In other words, it appears BAC’s lawyers came to the exact same conclusion I did.

Back Down or Get Sued

In my opinion, as someone who is not a lawyer, PMT has two significant options:

  1. Publish a new press release indicating that they were wrong and stating 3-month LIBOR will be replaced by 3-month Term SOFR + 26.161 basis points.
  2. Get sued and lose immediately, then field questions from analysts who work at banks. Banks which may have already updated their own contracts in accordance with the law.

Conclusion

I believe the odds of PMT being able to pull off this stunt are extremely low. However, it is possible that we could see a material swing in the share price. Consequently:

If share prices are steady, investors might sell shares to wait and see if they dip.

If share prices dip, investors might buy the dip on the premise that PMT’s case appears laughably weak.

In my opinion, PMT should fire the individual who pushed this idea. If I can dismantle it on a Friday night for my customers, PMT’s lawyers should’ve been able to do the job.

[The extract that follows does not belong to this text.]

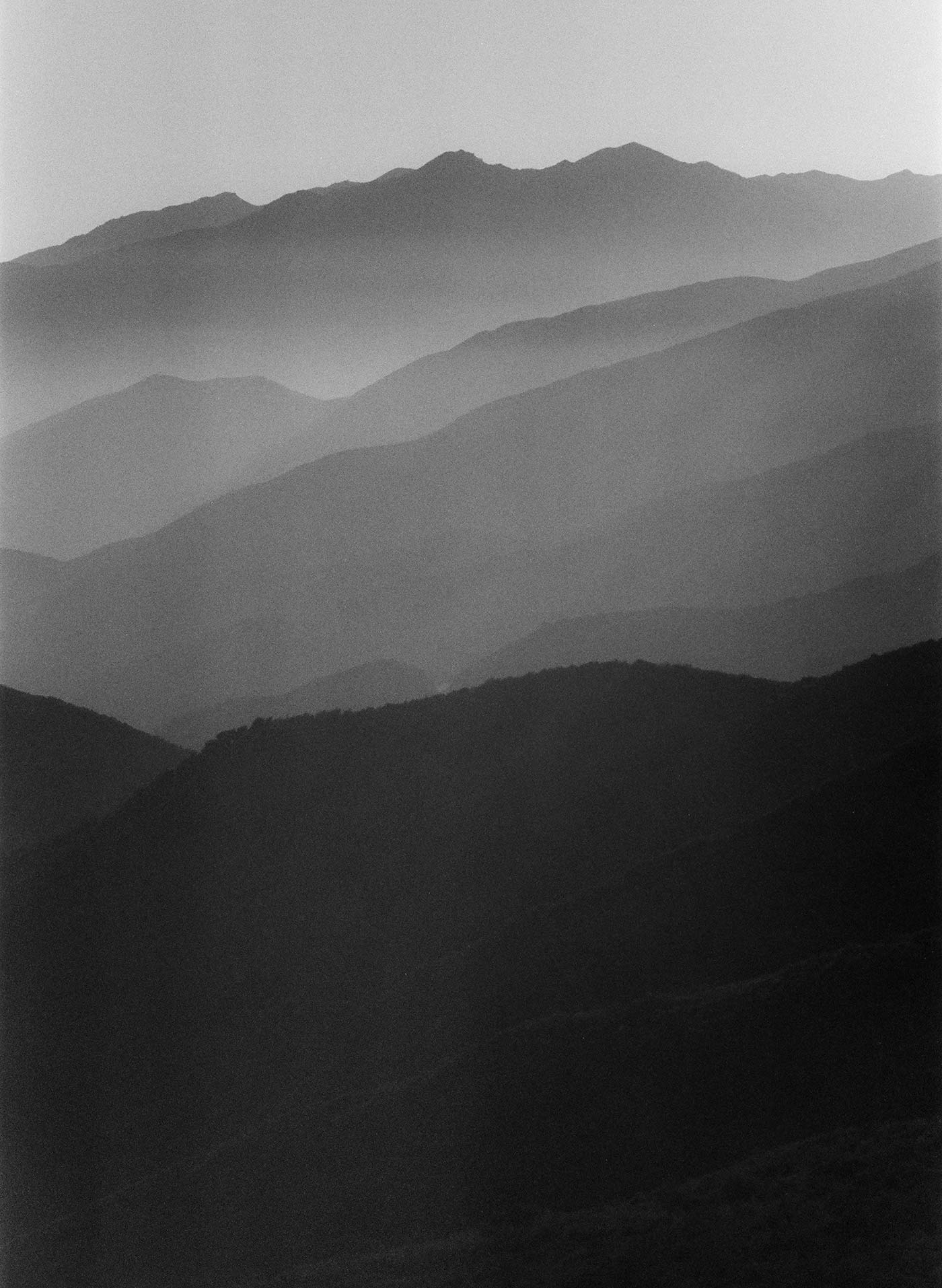 imogene + willie Hayes Washed Pearl Snap Shirt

There is one thing I appreciate. PMT posted this on a Friday night. That gave us (and any other analysts willing to sacrifice their Friday night) enough time to dismantle it. It also gives them more time to print a retraction before their blunder hammers the share price.

What If They Could Do It?

If investors believed PMT could pull this off, which I find extremely unlikely, they would expect PMT-A and PMT-B to decline 7% and 6%, respectively, to reach the same yield as PMT-C. However, PMT-C has a lower coupon rate. At equal yields, PMT-C would offer a greater upside. Therefore, PMT-A and PMT-B should have higher yields if they were all fixed-rate shares.

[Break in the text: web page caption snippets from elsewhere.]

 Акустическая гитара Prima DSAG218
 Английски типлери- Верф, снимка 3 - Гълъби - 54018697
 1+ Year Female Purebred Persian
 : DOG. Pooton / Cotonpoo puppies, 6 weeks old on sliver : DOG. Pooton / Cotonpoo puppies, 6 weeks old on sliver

Therefore, if PMT could actually do this, I would expect prices to be about 10% lower for PMT-A and 9% lower for PMT-B.

However, I must reiterate that I very strongly doubt PMT can pull this stunt off. The LIBOR Act was created to prevent this kind of garbage, not to make it easier.

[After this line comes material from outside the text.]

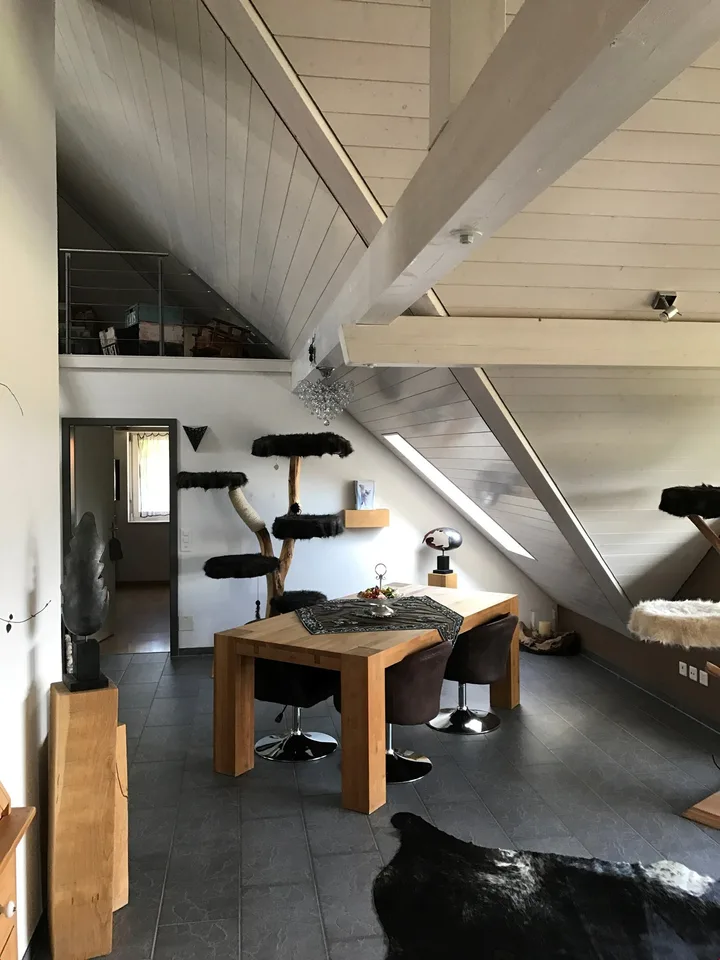 Ampio appartamento 3.5 locali mansardato con vista meravigliosa!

I am embarrassed for the person who came up with this idea and whoever decided to run with it. When they issue a correction, I would like to know if any currently licensed lawyers were consulted before issuing the press release.

I am posting this article publicly so all investors can access it for free.

Disclosure: I am long PMT-C. If PMT-A and/or PMT-B plunge, I may buy shares.